Par ailleurs, lorsqu’ils sont interceptés en mer et renvoyés sur le sol libyen, les migrants sont transférés dans des centres de détention, gérés par le Département de lutte contre l’immigration illégale (DCIM), où ils subissent des tortures, des violences sexuelles, de l’extorsion, et sont soumis à du travail forcé.

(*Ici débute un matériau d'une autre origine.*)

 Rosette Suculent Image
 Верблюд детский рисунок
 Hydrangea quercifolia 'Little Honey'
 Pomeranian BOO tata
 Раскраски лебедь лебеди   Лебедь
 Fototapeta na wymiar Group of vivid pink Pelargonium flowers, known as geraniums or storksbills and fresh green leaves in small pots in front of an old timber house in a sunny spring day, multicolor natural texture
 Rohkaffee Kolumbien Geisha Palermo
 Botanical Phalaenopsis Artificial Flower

Dans son rapport, rendu public en septembre 2024 et analysé par le Guardian, la Cour des comptes européenne explique que les équipements financés par l’UE en Libye, comme les bateaux, pourraient être utilisés par des personnes « autres que les bénéficiaires prévus », tandis que les voitures et les bus financés par l’UE « pourraient avoir facilité le transfert de migrants » vers des prisons, « aggravant la surpopulation ». « Même après sept ans, et malgré les leçons apprises et un examen à mi-parcours, la Commission n’est toujours pas en mesure d’identifier et de rendre compte des approches les plus efficaces et efficientes pour réduire la migration irrégulière et les déplacements forcés en Afrique », tacle le rapport.

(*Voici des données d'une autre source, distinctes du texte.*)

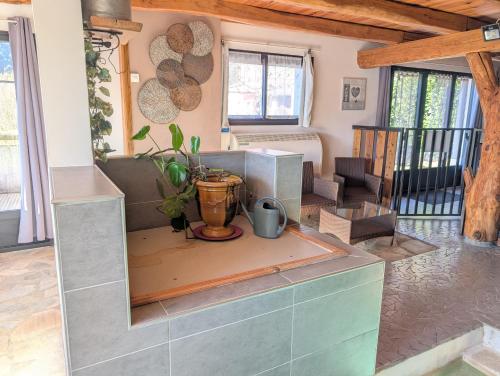 a living room with a table with a plant on it at Gite en Cévennes avec piscine Intérieure chauffée in Ponteils-et-Brésis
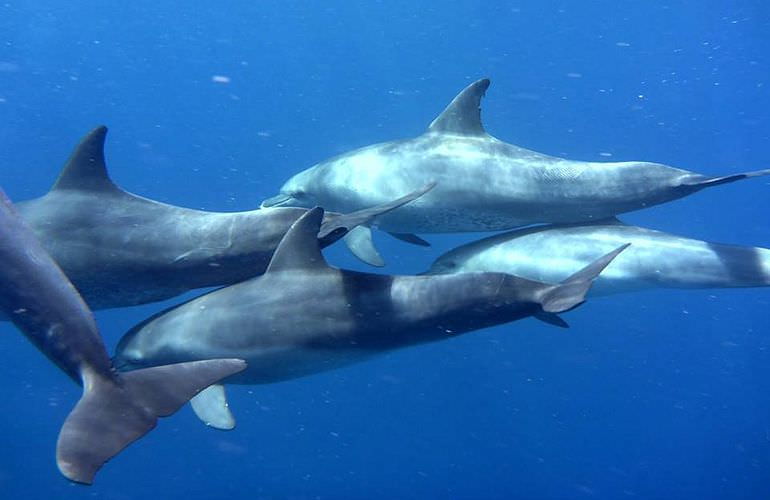 Privater Ausflug zu den Delfinen mit Speedboot ab Soma Bay 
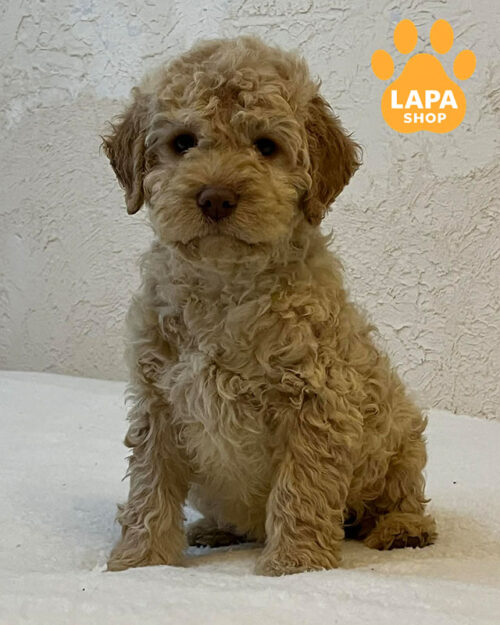 лаготто-романьоло забарвлення оранж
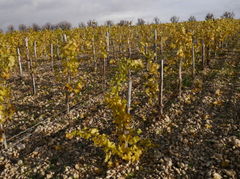 106-Pouilly.JPG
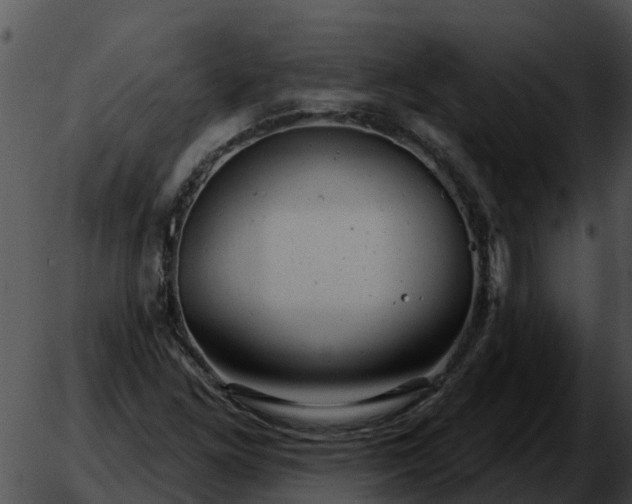 X0000051861261200507012331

Les auteurs signalent aussi que les clauses permettant de geler les fonds de l’UE en cas de violation des droits de l’Homme ne sont « pas appliquées systématiquement », en particulier « en ce qui concerne la sécurité, la gestion des frontières ou d’autres activités sensibles ».
« Il est impératif de continuer à tout mettre en œuvre pour aider la Libye »
La trentaine d’ONG rappelle également que la Commission européenne a récemment annoncé avoir pris des mesures afin de réexaminer ses accords de financement avec la Tunisie, après des révélations sur les violations des droits perpétrées par les forces de sécurité tunisiennes, et appelle à faire de même avec leur voisin libyen.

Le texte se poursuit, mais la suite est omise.